Les massacres avaient commencé juste après, selon un plan organisé. Etats et historiens se divisent toujours sur la question des responsables de l'attentat, d'où pourrait découler celle du génocide.

La délégation française doit rester une semaine sur place, procéder à des investigations et des expertises sur le site de l'attentat ainsi qu'à des auditions de témoins.

"On connaît la localisation des débris de l'avion sur l'aéroport, la trajectoire de l'avion, il sera donc peut-être possible de déterminer la position possible ou probable des tueurs, ce qui validera ou infirmera peut-être les témoignages", a-t-on expliqué de source judiciaire.

Marc Trévidic et Nathalie Poux ont repris le dossier après le départ en retraite de Jean-Louis Bruguière, précédent magistrat chargé de l'enquête.

Ce dernier retenait l'hypothèse d'une responsabilité du Front patriotique rwandais (FPR), dirigé par Paul Kagamé, un Tutsi. Le FPR a pris le pouvoir après le génocide.

Le juge Bruguière avait provoqué la rupture des relations diplomatiques entre Paris et Kigali en 2006 en lançant des mandats d'arrêt contre neuf proches de Paul Kagamé. Ces relations ont été rétablies en 2009.

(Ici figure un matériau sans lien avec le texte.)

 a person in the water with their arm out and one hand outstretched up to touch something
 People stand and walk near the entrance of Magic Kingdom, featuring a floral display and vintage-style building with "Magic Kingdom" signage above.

TÉMOINS ET ÉLÉMENTS CONTESTÉS

L'analyse du juge Bruguière reposait notamment sur deux témoins clés de l'affaire, des réfugiés rwandais qui avaient alimenté dans un premier temps la thèse accusant le parti de Paul Kagamé. Ils disaient avoir fait partie du commando auteur de l'attentat, mais ont déclaré ensuite avoir menti.

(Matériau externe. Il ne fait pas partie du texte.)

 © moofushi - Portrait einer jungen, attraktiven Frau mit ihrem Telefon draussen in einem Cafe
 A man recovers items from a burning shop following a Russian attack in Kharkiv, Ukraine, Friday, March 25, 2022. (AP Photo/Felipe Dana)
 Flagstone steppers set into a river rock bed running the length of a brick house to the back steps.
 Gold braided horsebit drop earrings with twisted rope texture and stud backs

Jean-Louis Bruguière estimait aussi que l'origine des missiles de fabrication russe ayant servi à l'attentat, et dont seules des photos ont été versées au dossier, menait forcément à l'Ouganda, base arrière du FPR avant 1994.

Les juges Trévidic et Poux souhaitent revoir ces éléments, notamment par un examen des lieux de l'attentat.

Il prévoient également l'audition des membres d'une commission d'enquête indépendante rwandaise, qui a conclu, en s'appuyant sur des expertises concernant le départ des tirs, à la responsabilité des Forces armées rwandaises (FAR), liées au pouvoir que combattait le parti de Paul Kagamé.

Les magistrats français devront ensuite trancher le sort des neuf personnes placées sous mandats d'arrêt. Une seule d'entre elles est mise en examen dans le dossier.

Arrêtée en Allemagne le 9 novembre 2008 puis extradée vers la France, Rose Kabuye, actuellement chef du protocole du président rwandais, a été mise en examen pour "complicité d'assassinats en relation avec une entreprise terroriste" et laissée en liberté sous contrôle judiciaire.

Les relations se sont réchauffées entre Paris et Kigali. En déplacement au Rwanda en février dernier, le président Nicolas Sarkozy a reconnu des "erreurs" de la France. Paris soutenait le régime Habyarimana, dont sont issus les génocidaires.